Back in December I asked you knew of any naive measures of  “gun murders / # of civilian guns” per country, and seeing where the US falls in this distribution.

Some time after I found this WaPo data set compiled in 2012 from the UN, Small Arms Survey, and others. (There is a “data caveat” I’ll point out after the plots below.)

Here’s what I did: dropped all data into a spreadsheet and calculated the number of homicides per 100,000 guns — simply (homicide by gun) / (total guns) * 100000. Call this “H” for simplicity.

This produces numbers in a ~0-20 range for “western countries. So “H = 2.5” –> 2.5 gun-caused homicides per 100,000 guns for the year in question (2005 I believe), by country.

Here are three very quick, ugly kernel density plots from R.

The raw data plots is pasted in the end of the email (apologies for messyness!)

The vertical lines are:  mean=green,  median=blue,  USA=red.

Total world, as a limiting case:

image

US is below mean and median:  US = 3.7,  mean = 91.0,   median = 6.0

EU countries (density excludes US): 

image (1)

US is just above mean, above median:  US = 3.7,  mean = 3.1,   median = 1.9

“Post-WWII westernized” countries:

image (2)

US is just above mean, above median:    US = 3.7,  mean = 3.1,   median = 1.5

The “westernized” countries were somewhat arbitrarily those with a long “westernizing” history post-WWII. Chosen quite ad-hoc and off-the-cuff; largely it means Eastern European countries were replaced by Canada, Australia, Japan, etc.

Immediate data caveat: My earlier spot-checking against the cited sources turned up a number of discrepancies, which I couldn’t quickly figure out — mostly small, some large.

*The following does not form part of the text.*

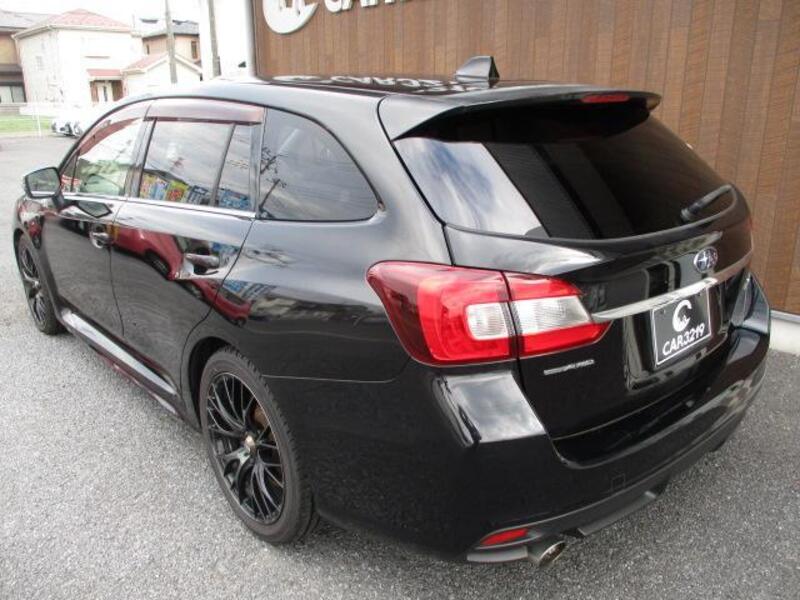 LEVORG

Eg. I recall that some EU countries saw order-of-magnitude differences when I put in “direct from source” numbers, which is worrisome. Unfortunately I never had time to examine these further (hence the delay in reply), but perhaps some enterprising undergraduate student would be interested!

The broad strokes are still interesting. Here are some quick ‘surprises’ for me:

– The US is no longer a massive outlier, although still above average for “westernized” plots.

– Japan’s H-score is much higher I expected, ~10x the number in Norway (and higher than England, Northern Ireland, Czech Republic – the later has much less strict control and lower H).

– The Netherlands came out ~6-7x higher than median (of EU/”westernized”); ~3x the US

– Taiwan seems quite high:  ~11x median of “westernized,” ~5x US.   Was not expecting this (but not sure why).

– Ireland is ~4.5x higher than Northern Ireland

– Belgium is closest to the US in the EU states, Belgium=3.9 vs US=3.7

– All surprises, perhaps all data size related:  Denmark, Netherlands, Japan, Taiwan, Ireland, Italy (higher than US, was not expecting that), Belgium, Luxembourg

There are many possible data concerns. Sample size is very important (the few data I spot-checked varied significantly over time). Measurement is almost certainly an issue, and I dread looking into differences in the definition of “homicide” for these countries. I suspect, however, that clever methods and data collection could still provide useful information about ranges of these values (an enterprising undergrad could probably make quite the impact with careful data examination/collection and some Bayesian “Locomotive Problem“-style work).

Because of data issues, I don’t think of this as “the final word” but rather an interesting first pass.